Despite having hundreds of billions in revenue, the company booked only about $9.4 billion in profit in 2018, creating a significantly smaller base on which taxes and offsetting credits and deductions are applied. The company says it pays all required federal, state, and international taxes.

“Corporate tax is based on profits, not revenues, and our profits remain modest, given retail is a highly competitive, low-margin business,” Amazon said in a statement, adding that it’s continuing to invest in its operations.

Amazon gets both the benefits usually used by technology companies—deductions for paying employees in stock—and the writeoffs for companies that rely heavily on building physical infrastructure.

The research and development credit—designed to encourage innovation in the United States—also amounts to a tax break of up to $419 million for Amazon. Add in hundreds of millions of dollars in losses that the company still has on its books, held over from years before it turned a profit, and it can whittle its U.S. corporate tax liability down to zero.

These tax reductions are largely unrelated to the overhaul that Congress passed and Trump signed in 2017. Amazon benefited from the lower corporate rate of 21 percent, down from 35 percent, and expanded writeoffs for capital investments. Yet some of the biggest tax minimizers—deductions for employee stock options and research and development—are long-standing fixtures to the code that didn’t change under the new tax law.

One of the biggest factors changing Amazon’s financial filings isn’t a substantive change at all. A deduction for stock-based compensation, totaling nearly $1.1 billion in 2018, is now more prominently displayed in regulatory filings thanks to an accounting rule change.
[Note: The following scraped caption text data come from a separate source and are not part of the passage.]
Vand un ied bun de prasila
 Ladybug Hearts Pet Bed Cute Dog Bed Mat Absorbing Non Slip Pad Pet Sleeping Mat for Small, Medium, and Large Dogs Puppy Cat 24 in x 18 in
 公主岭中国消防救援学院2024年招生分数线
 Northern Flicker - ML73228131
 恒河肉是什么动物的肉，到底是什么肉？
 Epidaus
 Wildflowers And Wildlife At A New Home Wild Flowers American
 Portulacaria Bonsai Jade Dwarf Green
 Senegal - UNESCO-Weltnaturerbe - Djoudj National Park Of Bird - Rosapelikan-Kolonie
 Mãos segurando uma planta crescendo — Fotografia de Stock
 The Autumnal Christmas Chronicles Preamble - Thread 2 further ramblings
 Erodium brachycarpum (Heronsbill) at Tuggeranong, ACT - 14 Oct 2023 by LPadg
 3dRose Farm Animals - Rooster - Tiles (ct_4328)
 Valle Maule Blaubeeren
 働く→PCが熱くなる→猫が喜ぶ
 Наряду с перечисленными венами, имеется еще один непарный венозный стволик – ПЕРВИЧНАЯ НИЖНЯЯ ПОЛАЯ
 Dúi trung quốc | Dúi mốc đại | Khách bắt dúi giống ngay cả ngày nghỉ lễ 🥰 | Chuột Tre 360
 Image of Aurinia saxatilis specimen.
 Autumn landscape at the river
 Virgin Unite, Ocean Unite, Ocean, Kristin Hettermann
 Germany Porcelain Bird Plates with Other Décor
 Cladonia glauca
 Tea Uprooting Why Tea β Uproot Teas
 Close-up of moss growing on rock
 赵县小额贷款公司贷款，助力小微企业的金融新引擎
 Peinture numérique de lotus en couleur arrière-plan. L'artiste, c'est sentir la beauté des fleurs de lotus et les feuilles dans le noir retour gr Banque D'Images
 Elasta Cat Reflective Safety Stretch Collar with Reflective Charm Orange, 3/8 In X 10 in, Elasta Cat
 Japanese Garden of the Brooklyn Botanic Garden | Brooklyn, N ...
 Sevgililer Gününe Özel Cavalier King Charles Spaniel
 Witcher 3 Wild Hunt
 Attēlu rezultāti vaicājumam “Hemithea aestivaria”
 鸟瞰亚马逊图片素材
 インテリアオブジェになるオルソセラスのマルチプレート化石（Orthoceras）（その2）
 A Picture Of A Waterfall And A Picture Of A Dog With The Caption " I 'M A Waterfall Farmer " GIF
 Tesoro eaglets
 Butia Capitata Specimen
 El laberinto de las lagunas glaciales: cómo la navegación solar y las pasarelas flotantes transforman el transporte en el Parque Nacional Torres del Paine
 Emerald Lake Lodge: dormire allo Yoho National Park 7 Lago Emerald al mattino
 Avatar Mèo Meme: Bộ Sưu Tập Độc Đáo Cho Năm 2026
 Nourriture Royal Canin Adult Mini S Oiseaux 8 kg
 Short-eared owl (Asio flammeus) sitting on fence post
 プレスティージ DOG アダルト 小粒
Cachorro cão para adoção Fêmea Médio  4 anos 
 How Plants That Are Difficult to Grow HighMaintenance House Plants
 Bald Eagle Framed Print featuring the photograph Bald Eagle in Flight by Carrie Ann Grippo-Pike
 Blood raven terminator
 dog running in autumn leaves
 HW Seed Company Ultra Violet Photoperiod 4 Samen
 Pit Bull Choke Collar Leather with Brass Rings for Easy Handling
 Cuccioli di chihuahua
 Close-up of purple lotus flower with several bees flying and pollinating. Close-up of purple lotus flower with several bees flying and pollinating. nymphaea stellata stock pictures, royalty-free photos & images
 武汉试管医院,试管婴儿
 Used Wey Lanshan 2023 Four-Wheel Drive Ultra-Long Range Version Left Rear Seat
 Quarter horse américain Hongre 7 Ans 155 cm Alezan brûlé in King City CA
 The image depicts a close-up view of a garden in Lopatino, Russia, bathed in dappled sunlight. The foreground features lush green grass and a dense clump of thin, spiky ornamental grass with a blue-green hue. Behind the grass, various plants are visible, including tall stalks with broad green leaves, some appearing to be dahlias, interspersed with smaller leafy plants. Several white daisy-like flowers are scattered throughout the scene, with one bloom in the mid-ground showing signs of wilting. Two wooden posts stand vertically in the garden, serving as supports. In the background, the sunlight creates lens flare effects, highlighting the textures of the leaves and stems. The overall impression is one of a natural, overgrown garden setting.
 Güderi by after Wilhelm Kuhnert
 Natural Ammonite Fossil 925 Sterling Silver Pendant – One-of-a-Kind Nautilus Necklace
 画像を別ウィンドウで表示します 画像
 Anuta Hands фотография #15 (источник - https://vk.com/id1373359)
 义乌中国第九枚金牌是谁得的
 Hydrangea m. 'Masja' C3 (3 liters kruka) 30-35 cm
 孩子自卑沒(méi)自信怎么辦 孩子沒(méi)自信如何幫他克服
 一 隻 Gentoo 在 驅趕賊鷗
“The tax law didn’t change one iota,” Robert Willens, a tax consultant based in New York, says. “It’s all a matter of presentation.”

In the end, the U.S. government is better off because Amazon employees end up paying more in tax than the company can write off. Companies take that deduction off their profits taxed at a 21 percent rate. Employees must pay tax on the income they receive from those shares at rates that top out at 37 percent.

The fact that Amazon can legally reduce its tax bill to nothing calls into question the effectiveness of the code, says Matthew Gardner, a senior fellow at the Institute of Taxation and Economic Policy. While the tax breaks Amazon is utilizing have the backing of Congress, and were implemented for some social or economic policy goal, they might be encouraging corporate action that would happen anyway, he says.

Other profitable companies, including Netflix Inc., General Motors Co., and Prudential Financial Inc., also use tax breaks to completely offset their tax bill, Gardner says.

Netflix spokesman Richard Siklos said the subscription streaming service’s taxes have been reduced in years past by standard tax breaks and that the company anticipates its tax rate to be higher in 2019. Prudential said in a statement that it prepaid some of its taxes and follows all tax requirements. GM did not respond to a request to comment.

“If you want to be mad, be mad the people who wrote the tax code,” Yarbrough says.